Mobile Ads: You Didn’t Mean To Click On This, Did You?

For a long time, I’ve been hesitant to really test mobile ads. Now, I have every incentive to advertise via mobile. One of my own key audiences, in particular, is more prone to using mobile devices.

If you read online advertising articles, this year is to be the year of mobile ads. But I keep wondering: where exactly is the growth coming from? It’s always been a bit of a mystery for me.

When conceptualizing online ads, I often start with the question of “why does this target audience have a rational reason to click on this ad?” To me, that’s always the key to a good ad. And it doesn’t just have to do with the issue I’m advertising around. I’m curious about why the target audience has a reason to click on this ad given the technology and platform they’re using – and how their response would change given the technology they’ve chosen to use at that moment.

Choice of their platform is very interesting to me, and asking the correct questions about that choice often yields beneficial results. This choice shapes their behavior and, as a result, the message that they should receive. For instance, how does a successful message change from Google Adwords, where people are looking for answers, to Facebook, where people are looking for social connection and social currency?

Most key to the puzzle of mobile ads, in particular, is the behavior and motivation. Is now a good time and place to where they’d be receptive to this message? Perhaps this is why I’m most skeptical about mobile ads. When I think about a mobile user, I think of someone either a) quickly looking up information, or b) is bored out of their freaking mind.

And therein is the obstacle: with online mobile advertising, we are asking the user the following:

“Hello there, old friend on the tiny screen. I would ask that you please leave what you’re doing now for something that has mildly piqued your interest. No, you can’t open up a new window, either. You need to leave what you’re doing. It wasn’t THAT important, was it?”

The ask of leaving the page has a much larger cost for a mobile user, who doesn’t have multiple screens, nor do they have the display screen real estate for another window to exist.

Enter a new study by mobile app marketing platform Trademob, who “found that 22 percent of clicks are accidental, while 18 percent are fraudulent,” resulting in a 40% “oh crap” rate (my term).

Accidental clicks. Yes, the main reason why I click on mobile ads. Tell me more, please:

“Accidental clicks are actually a bigger problem than fraud, but the rate of accidental clicks appears to be falling. Pontiflex ran its own survey with Harris Interactive last year and found that 47 percent of app users said they were more apt to click a mobile ad by mistake than on purpose.”

Oops?

This is certainly not to scare anyone away from mobile. Instead, it shows what a challenge it is, and how we’ve yet to truly figure this out.

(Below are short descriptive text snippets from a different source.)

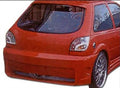 Ford Fiesta 1996-1999 Rear Bumper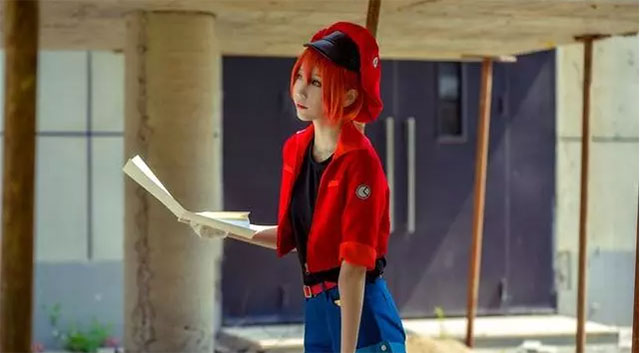 紅細胞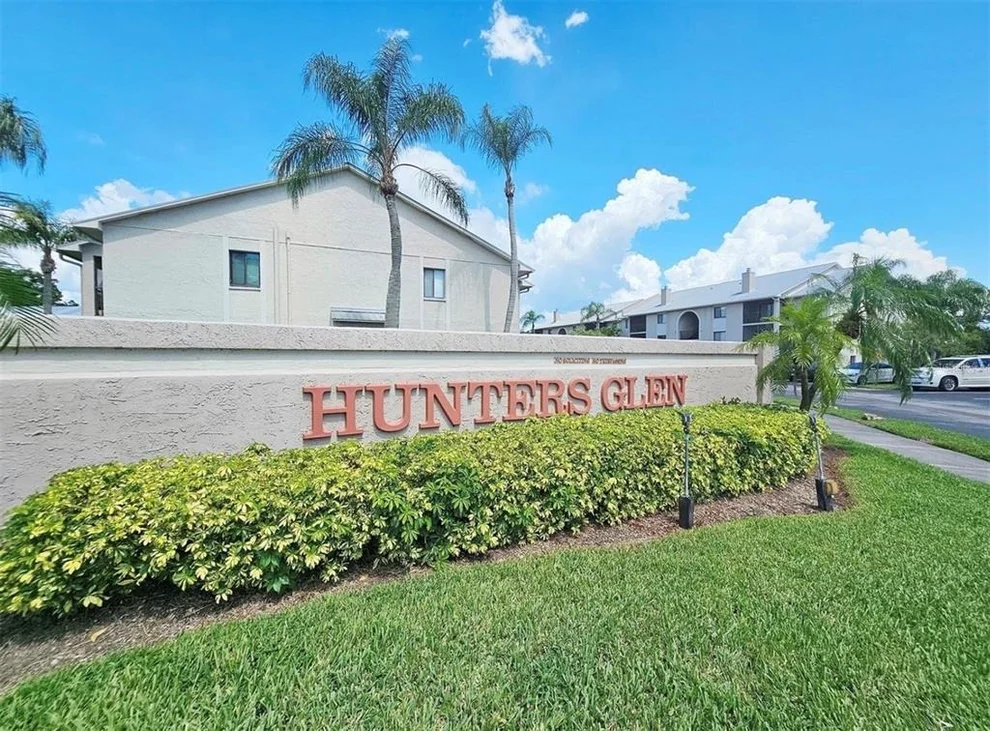 Unit for sale at 2087 HUNTERS GLEN DRIVE, DUNEDIN, FL 34698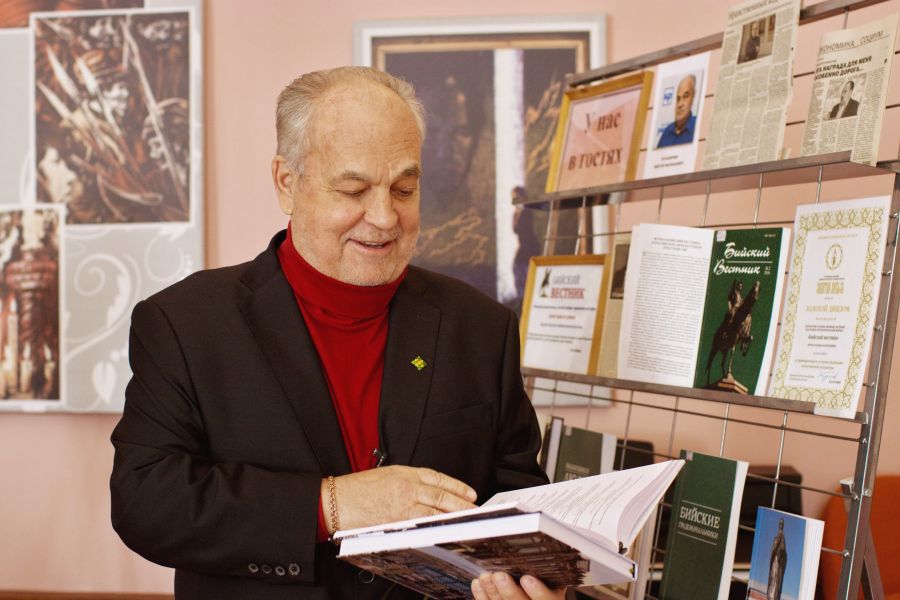 Виктор Буланичев, директор Демидовского фонда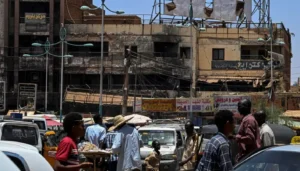 توافق إماراتي أميركي بشأن السودان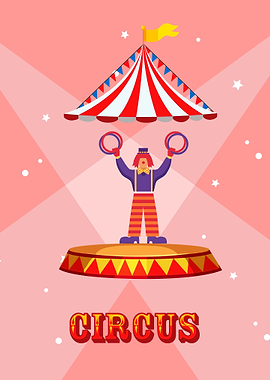 Circus Event Staff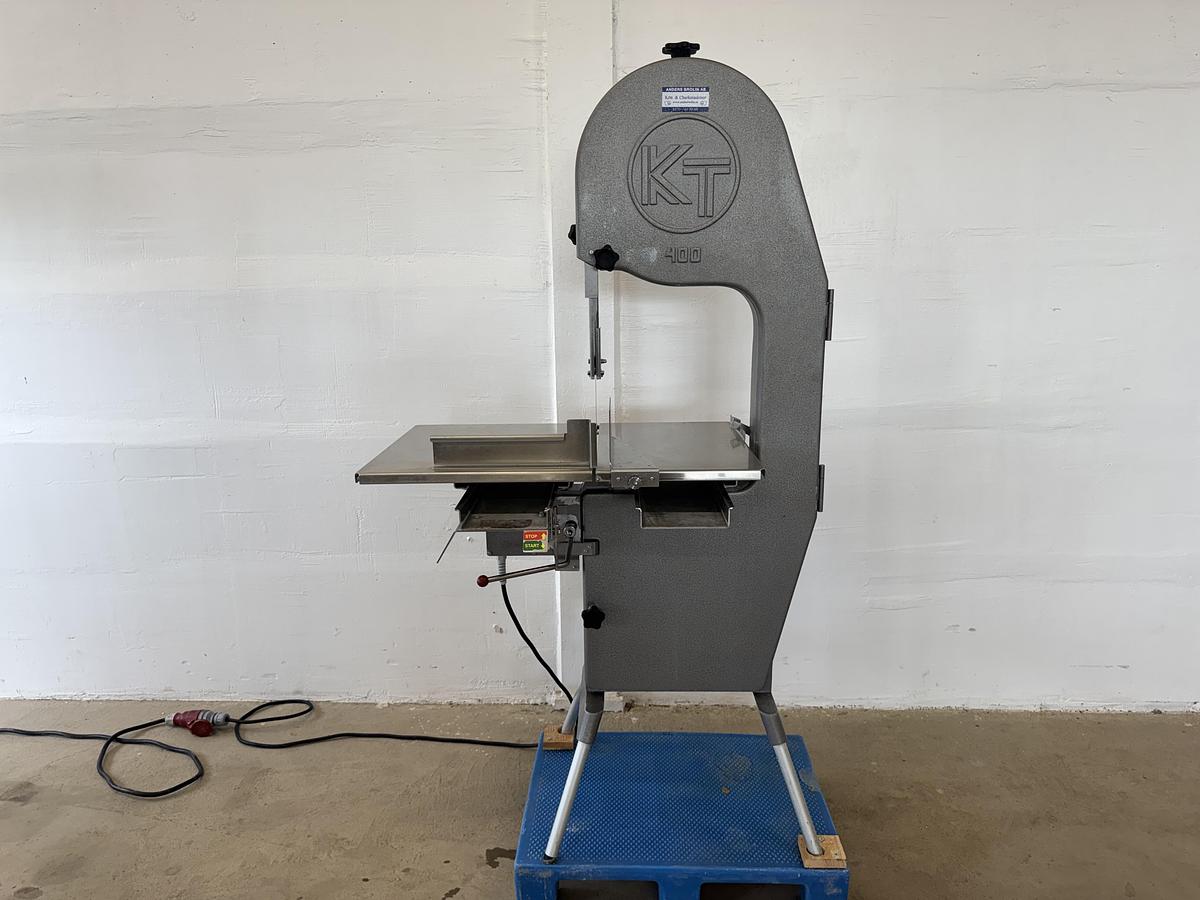 Used Bandsåg KT 400 #2935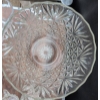 Image 8 : Pressed Glass Punch Bowl Set with Cups and D1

These are the studies that should leave advertisers with several questions to ponder, because those who are closer to figuring this puzzle out will reap the benefits. Here are a few of my own:

  1. How can I create an ad that users are less likely to click on accidentally? For example, where can it be placed on-screen to minimize users who meant to click on a link to another section of the website? How can it be designed so that it’s very obvious to the user that it’s not part of the regular content?
  2. What are the needs of my audience when they’re using mobile devices? How can I cater my message to meet those needs or appeal to someone who has those needs at that moment?
  3. Where can I place ads that fit with my “ask”, or where people are going to be more receptive to that ask? For instance, if I’m placing ads for people to watch a video, where can I place an ad where users are more likely to do that? If I’m running a petition ad, where are people more likely to go through with that ask?

~ by Brad Levinson on September 25, 2012.